2018-04-04 19:48:42 | 講演・講義・フォーラム等
 平昌オリンピック、パラリンピックは私たち日本人に大きな感動を与えてくれた。スポーツが発信する明るさ、爽快さ、そして醍醐味を私たちは十分に堪能することができた。そんな平昌五輪を私たちに伝えてくれた北海道新聞のカメラマンが語った。 

 4月3日(火)午前、道新DO-BOXにおいて「道新カメラマンが語る レンズで追った17日間~平昌取材裏話~」というトークショーに参加して、記者たちの話に耳を傾けた。
 北海道新聞社としては冬季五輪に初めて二人のカメラマンを派遣したという。その二人とは、藤井泰生カメラマン(40歳)と北波智史カメラマン(35歳)の二人である。
 彼ら二人に対して、先輩カメラマンである野勢英樹カメラマンが話を引き出す形でトークショーは進められた。派遣された二人の話からいろいろと興味深いお話を聞くことができた。

             

             
             ※ 会場の道新DO-BOXの壁一面に二人のカメラマンが撮った写真が展示されていました。

 二人の話を伺っていて、最も感じたことは「写真は選手たちの心情を雄弁に物語る」ものだということに改めて気付かされた。
 それを感じたのは、今大会で大活躍のスビートスケートの高木美帆選手が、前回大会のソチ五輪に落選した瞬間のいかにも悔しそうな表情を写し取った写真。
 そして、平昌五輪の女子3,000mで滑走した後、悔しそうな表情を見せる高木選手に近寄ってきたドイツのスケート界のレジェンドであるペヒシュタイン選手が高木選手に語りかけると、彼女がペヒシュタインにガッツポーズを見せている写真だった。
 ペヒシュタインは現在45歳で7回の冬季五輪出場を誇り、通算5個の金メダルも獲得しているレジェンドで、若いスケート選手たちから「お母さん」と慕われている選手だそうだ。
 カメラマンの藤井氏は語る。ペヒシュタインは思うようにタイムが伸びなかった高木選手に近寄り「あなたの専門は1500mなのだから、そこで頑張りなさい」と囁いたに違いないという。それを受けて、高木選手は確かにペヒシュタインに向かってガッツポーズをしている写真も写し出されたのだ。

             

             
             ※ 藤井カメラマンがベストショットとして挙げた女子パシュートの場面です。カメラポジションが満足だったようです。
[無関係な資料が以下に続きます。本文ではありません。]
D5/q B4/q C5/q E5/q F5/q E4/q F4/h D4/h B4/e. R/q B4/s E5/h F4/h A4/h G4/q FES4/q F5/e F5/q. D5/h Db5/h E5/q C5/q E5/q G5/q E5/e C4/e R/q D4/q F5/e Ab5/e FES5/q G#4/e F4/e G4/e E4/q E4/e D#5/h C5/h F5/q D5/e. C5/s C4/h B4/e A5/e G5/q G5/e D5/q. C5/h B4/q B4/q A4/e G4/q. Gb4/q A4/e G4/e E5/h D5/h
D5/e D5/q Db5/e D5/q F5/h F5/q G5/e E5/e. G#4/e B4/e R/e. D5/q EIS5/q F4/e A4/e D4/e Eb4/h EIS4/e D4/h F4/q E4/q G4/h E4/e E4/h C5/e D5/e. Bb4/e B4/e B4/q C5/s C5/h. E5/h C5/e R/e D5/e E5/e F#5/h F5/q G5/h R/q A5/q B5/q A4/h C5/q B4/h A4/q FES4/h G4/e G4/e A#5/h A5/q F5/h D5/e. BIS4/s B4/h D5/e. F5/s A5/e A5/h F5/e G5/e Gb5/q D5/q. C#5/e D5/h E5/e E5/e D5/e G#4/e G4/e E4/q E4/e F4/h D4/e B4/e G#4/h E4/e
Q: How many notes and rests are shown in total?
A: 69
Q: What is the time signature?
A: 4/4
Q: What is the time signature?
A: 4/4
 また、予想以上のブームを巻き起こした女子カーリングであるが、銅メダルを授与された瞬間に、本橋選手が見せた悔しさの表情の中に「けっして満足していない」という心情を写し取れたと北波カメラマンも話されていた。

 報道写真の世界も日進月歩のようだ。北波カメラマンは、2台のカメラを上下に繋げて、カメラの設定を変えることで、一度に二つの瞬間を写し取る工夫をしたという。さらには、別の場所にカメラをセットし、違う角度からの表情を写し取る工夫もしていたという。

             
             ※ ちょっと見づらいですが、北波カメラマンは2台のカメラを上下に繋げたものを持っています。 

             
             ※ その北波カメラマンがベストショットに挙げたのが、山田コーチからお姫様抱っこをされる高梨選手を写した一枚です。
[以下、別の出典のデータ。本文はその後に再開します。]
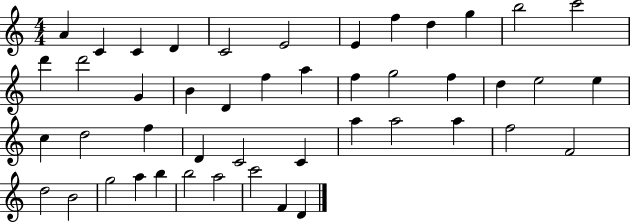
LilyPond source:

{
  \clef treble
  \numericTimeSignature
  \time 4/4
  \key c \major
  a'4 c'4 c'4 d'4 | c'2 e'2 | e'4 f''4 d''4 g''4 | b''2 c'''2 | \break d'''4 d'''2 g'4 | b'4 d'4 f''4 a''4 | f''4 g''2 f''4 | d''4 e''2 e''4 | \break c''4 d''2 f''4 | d'4 c'2 c'4 | a''4 a''2 a''4 | f''2 f'2 | \break d''2 b'2 | g''2 a''4 b''4 | b''2 a''2 | c'''2 f'4 d'4 | \break \bar "|."
}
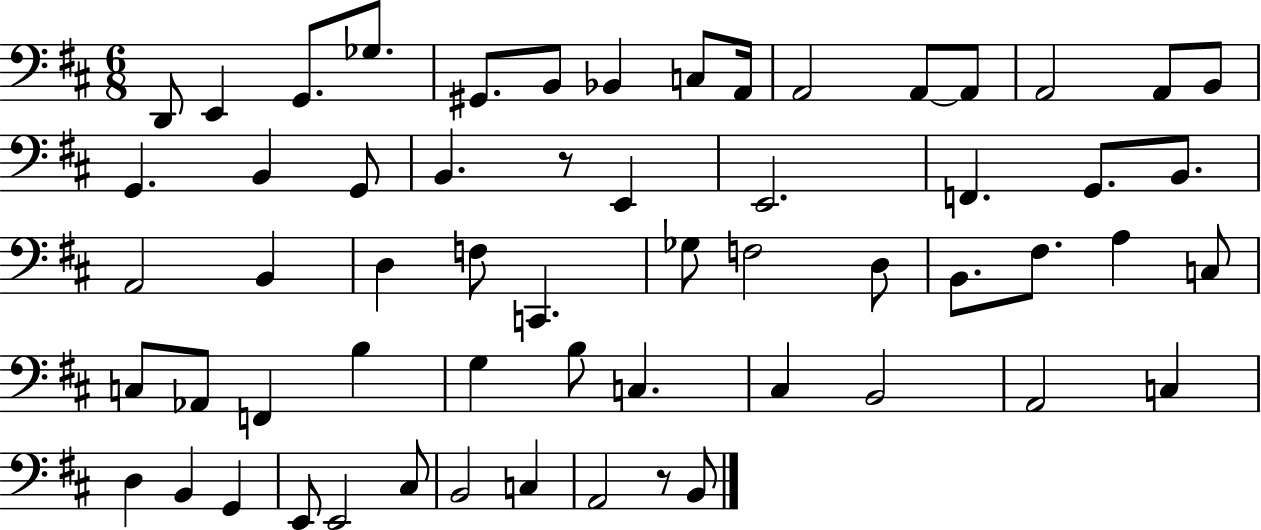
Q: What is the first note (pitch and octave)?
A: D2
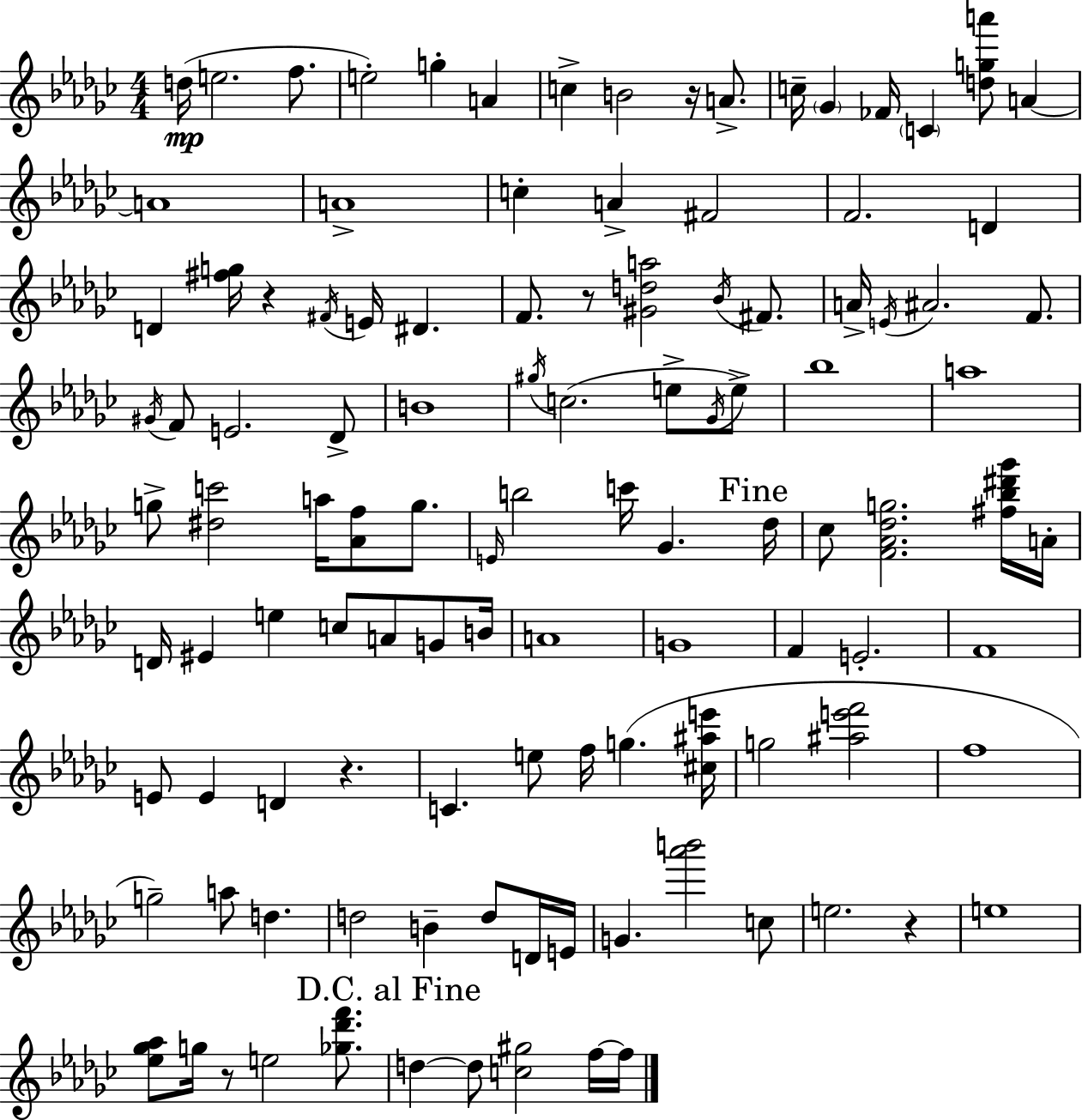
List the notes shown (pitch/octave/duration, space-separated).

D5/s E5/h. F5/e. E5/h G5/q A4/q C5/q B4/h R/s A4/e. C5/s Gb4/q FES4/s C4/q [D5,G5,A6]/e A4/q A4/w A4/w C5/q A4/q F#4/h F4/h. D4/q D4/q [F#5,G5]/s R/q F#4/s E4/s D#4/q. F4/e. R/e [G#4,D5,A5]/h Bb4/s F#4/e. A4/s E4/s A#4/h. F4/e. G#4/s F4/e E4/h. Db4/e B4/w G#5/s C5/h. E5/e Gb4/s E5/e Bb5/w A5/w G5/e [D#5,C6]/h A5/s [Ab4,F5]/e G5/e. E4/s B5/h C6/s Gb4/q. Db5/s CES5/e [F4,Ab4,Db5,G5]/h. [F#5,Bb5,D#6,Gb6]/s A4/s D4/s EIS4/q E5/q C5/e A4/e G4/e B4/s A4/w G4/w F4/q E4/h. F4/w E4/e E4/q D4/q R/q. C4/q. E5/e F5/s G5/q. [C#5,A#5,E6]/s G5/h [A#5,E6,F6]/h F5/w G5/h A5/e D5/q. D5/h B4/q D5/e D4/s E4/s G4/q. [Ab6,B6]/h C5/e E5/h. R/q E5/w [Eb5,Gb5,Ab5]/e G5/s R/e E5/h [Gb5,Db6,F6]/e. D5/q D5/e [C5,G#5]/h F5/s F5/s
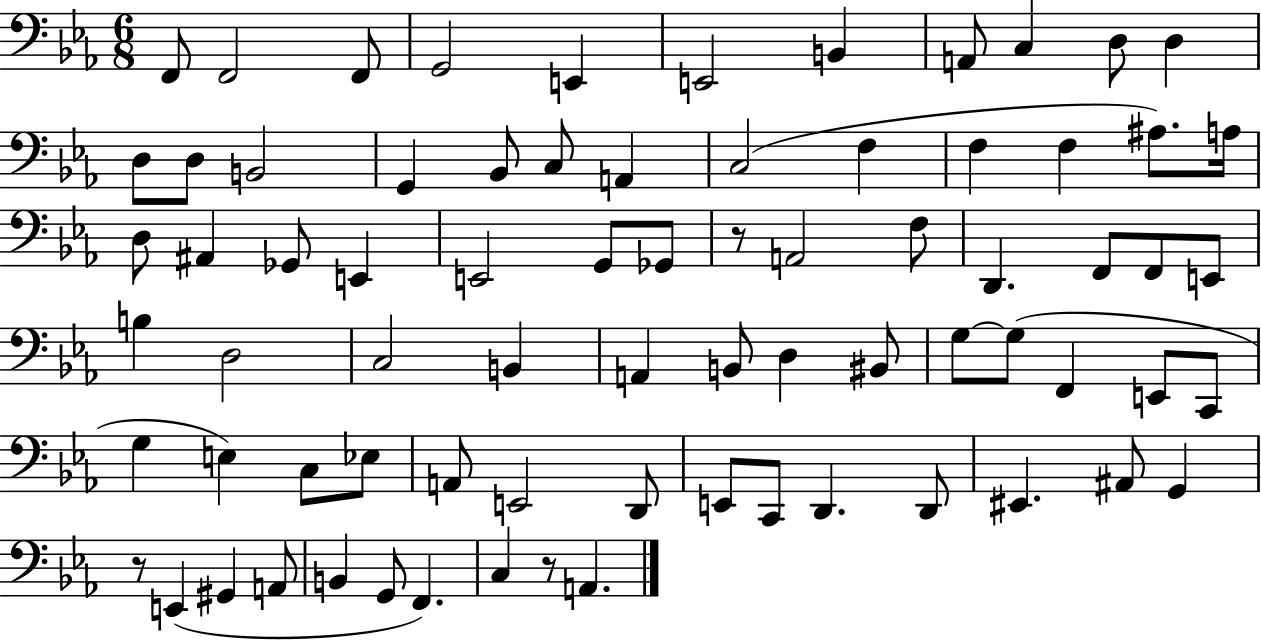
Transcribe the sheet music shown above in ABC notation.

X:1
T:Untitled
M:6/8
L:1/4
K:Eb
F,,/2 F,,2 F,,/2 G,,2 E,, E,,2 B,, A,,/2 C, D,/2 D, D,/2 D,/2 B,,2 G,, _B,,/2 C,/2 A,, C,2 F, F, F, ^A,/2 A,/4 D,/2 ^A,, _G,,/2 E,, E,,2 G,,/2 _G,,/2 z/2 A,,2 F,/2 D,, F,,/2 F,,/2 E,,/2 B, D,2 C,2 B,, A,, B,,/2 D, ^B,,/2 G,/2 G,/2 F,, E,,/2 C,,/2 G, E, C,/2 _E,/2 A,,/2 E,,2 D,,/2 E,,/2 C,,/2 D,, D,,/2 ^E,, ^A,,/2 G,, z/2 E,, ^G,, A,,/2 B,, G,,/2 F,, C, z/2 A,,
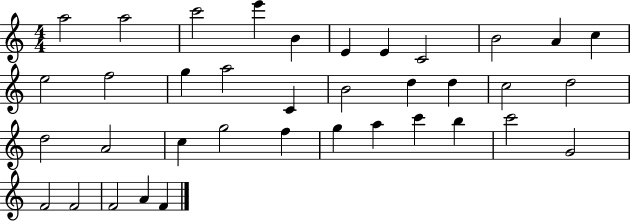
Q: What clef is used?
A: treble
 驚きの情報は、17日間で二人はそれぞれが約150,000カットのシャッターを押したという。そしてその中から厳選して約3,400枚のカットを本社に伝送し、その中から私たちが新聞で目にすることができたのは何十カット位なのだろうか?
 二人のカメラマンは言う。「私たちはオリンピックを取材(観戦)していても、それはレンズを通しての観戦なのです」と…。確かに17日間で150,000カットもシャッターを押し続けていたら、満足に観戦することなど叶わないだろうなぁ、という思いだった。
 私たち読者に感動の一枚を届けるために、彼らカメラマンはプロフェッショナルに徹してシャッターを押し続けていることを改めて教えられたトークショーだった。

             
             ※ スノボーの平野選手の演技の軌跡を一枚の中に収めた北波カメラマンの力作です。